Report on developing radiotherapy services in England

17 May 2007

London, UK. The National Radiotherapy Advisory Group has published a report on meeting the needs for radiotherapy services in England. The report says current reorganisation needs to be completed, but that there is still a need to increase services to meet current and future demand, there should be greater choice and there is a need for more community based services.

The group was led by Professor Mike Richards, the national cancer director, and Dr Michael Williams the vice president of the Royal College of Radiologists.

The report acknowledges that radiotherapy services have seen improvements, with double the number of staff training to be radiographers and heavy investment in radiotherapy equipment.

However, the report also found that:

  • the need for radiotherapy services was significantly underestimated by planners 15-20 years ago;
  • as a result, despite positive actions the Government has taken over recent years, there is a significant gap in radiotherapy capacity (both in terms of equipment and staff); and
  • cancer incidence will increase further due to a more elderly population over the next 10 years.

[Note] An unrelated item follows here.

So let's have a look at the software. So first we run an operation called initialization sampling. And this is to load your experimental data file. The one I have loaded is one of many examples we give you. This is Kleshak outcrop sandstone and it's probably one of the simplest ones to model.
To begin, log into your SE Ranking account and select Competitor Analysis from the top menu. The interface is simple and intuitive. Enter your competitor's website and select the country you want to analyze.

The report concludes that to get the best results for cancer patients  reorganisation of services must be completed. Centralisation of specialist services is completed in line with improving outcomes guidance and that patient convenience is improved where possible by making more services available locally.

Patients’ preferences must be respected and high quality care delivered across the country and to all groups within society. However, all services should provide value for money.

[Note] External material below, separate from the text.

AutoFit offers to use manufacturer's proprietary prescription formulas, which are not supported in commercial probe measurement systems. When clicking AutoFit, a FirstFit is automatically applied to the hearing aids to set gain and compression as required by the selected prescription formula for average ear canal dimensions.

The report says that reorganising services is only the first step in cancer reform. Other improvements needed include:

  • get better at raising public awareness of cancer symptoms so that patients come forward as soon as they have concerns about possible symptoms — this will help to identify cancers early when they are more likely to be treatable;
  • increase capacity in areas such as radiotherapy where waits for treatment after surgery can be long;
  • offer patients greater choice based on reliable information;
  • provide more community-based care for patients at the end of their lives so that they have greater choice about where they live and die.

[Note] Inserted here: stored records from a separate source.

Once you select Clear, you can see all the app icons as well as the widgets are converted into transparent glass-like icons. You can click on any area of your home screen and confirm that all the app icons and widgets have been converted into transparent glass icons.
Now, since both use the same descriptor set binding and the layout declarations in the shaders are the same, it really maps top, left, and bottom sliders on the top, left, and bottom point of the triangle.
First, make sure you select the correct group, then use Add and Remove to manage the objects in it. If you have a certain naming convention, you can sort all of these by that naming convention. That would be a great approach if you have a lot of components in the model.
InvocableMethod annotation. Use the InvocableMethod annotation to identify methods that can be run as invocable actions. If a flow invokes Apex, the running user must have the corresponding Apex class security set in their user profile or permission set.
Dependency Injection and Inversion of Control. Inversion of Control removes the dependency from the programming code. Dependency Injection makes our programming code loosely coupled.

Professor Mike Richards, national cancer director, said: "We have doubled the number of staff training to be radiographers and invested heavily in radiotherapy equipment. However, we need more capacity, both in terms of staff and equipment. This report is very helpful in setting out how this could be achieved both in terms of using what we already have more effectively but also in planning better for the future.

"The problems that we are seeing now with radiotherapy stem from a failure of planning 15-20 years ago. At that time experts predicted that radiotherapy would not have a key role to play in cancer care in the future and that demand would fall. As a result it was not an area prioritised by the NHS for development and expansion.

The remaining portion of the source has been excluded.